When it come down to personal preference, it all depend on individuals liking. For vocals like Jazz MQA will make it sounds more ‘analogue’ with thicker midrange and warmer sound. For orchestra music which emphasis on the highs, I prefer the original master, it is more dynamic, livier, more ‘air’, better sound staging and imaging.
My take is the sonic signature difference between both has to do with the type of filters used; MQA uses minimum phase slow roll-off while original master uses linear sharp cut-off filter. Do note, MQA is derived from the original master which is termed ‘processed’ MQA.
Your right MQA feels more analogue which my ears respond to better. I could not listen to the PCM version for long it was to fatiguing.
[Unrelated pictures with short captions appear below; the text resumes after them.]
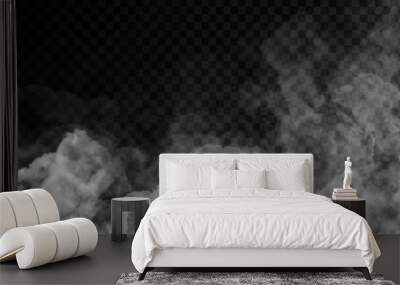 Vector realistic isolated Smoke effect for decoration and covering on the transparent background. Wall mural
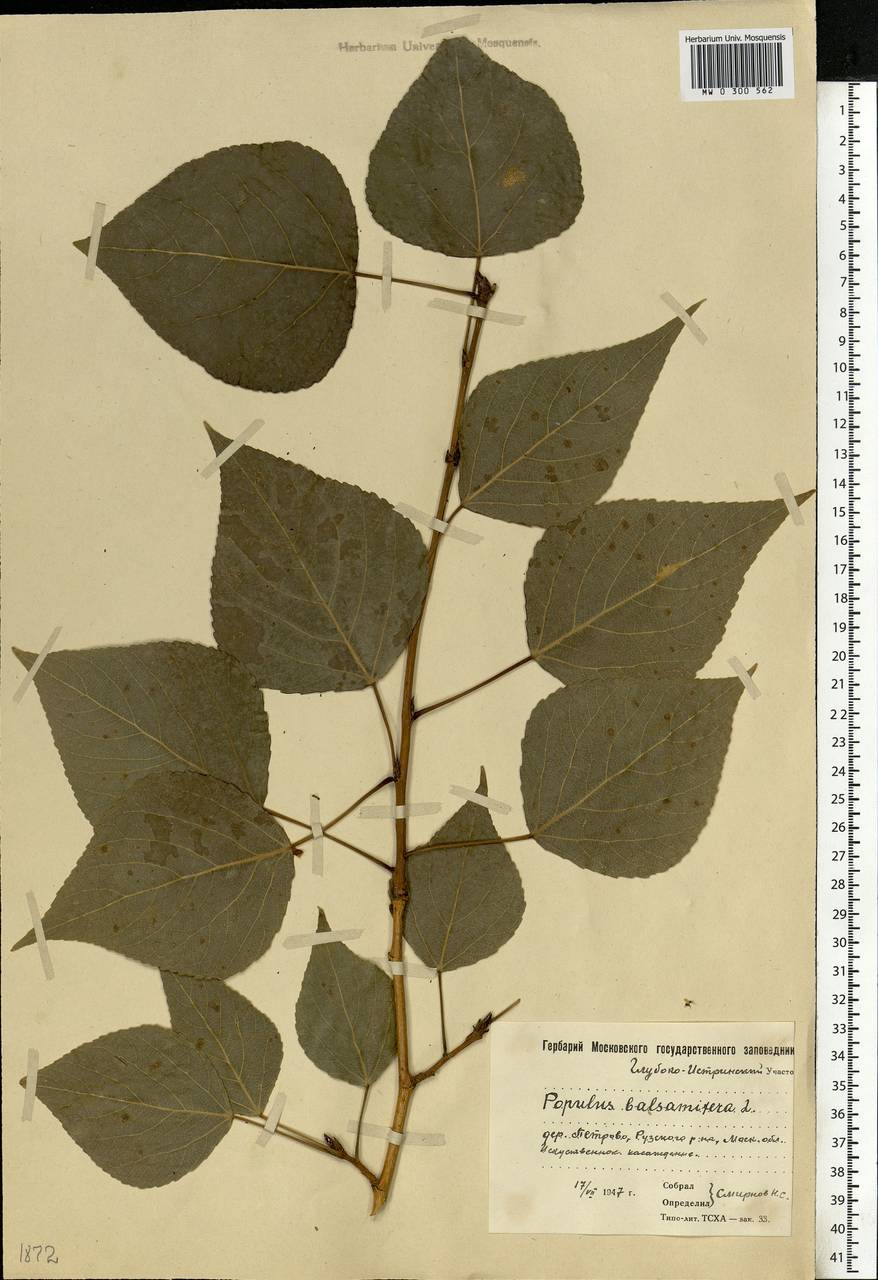 Тополь бальзамический (Populus balsamifera)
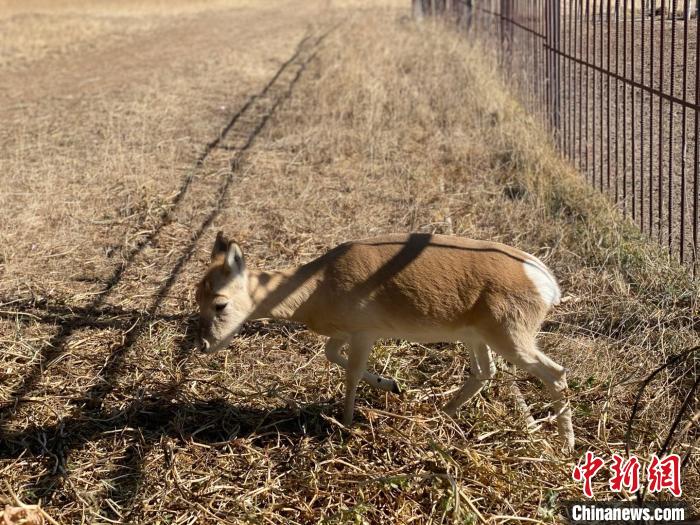 圖為普氏原羚?！±罱瓕?攝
This is an interesting recording for a couple of reasons. Firstly there are cues which suggest she or the engineers didn’t know enough about what they were doing. The microphone craft is poor in places with lots of pops and plops when she releases too much air towards the microphone which seems to be under damped. Clearly audible, even on the CD version. Secondly I feel this was never intended for consumption in its mastered form, rather it was mastered in a way that was designed with the knowledge that it would lose something in the transfer to vinyl, taking some of that edginess off the final record. So is what we are hearing a straight MQA transfer or has some amount of licence been taken in the process of that transfer?
I also listened to the Doors LA Woman again last night on Qobuz and MQA on Tidal. What I thought was artefacts on the MQA are actually present on the master on Qobuz too. I never noticed this on my vinyl copy so must be the digitzation of the original master. These I did not prefer one over the other and found them both not very pleasant it listen to over the length of the album. So will stick to vinyl for this one.
I’ve read through most all the posts here. Simple question - is an MQA DAC worth the $$$?
There is a very large price range of MQA DAC, starting from USD99.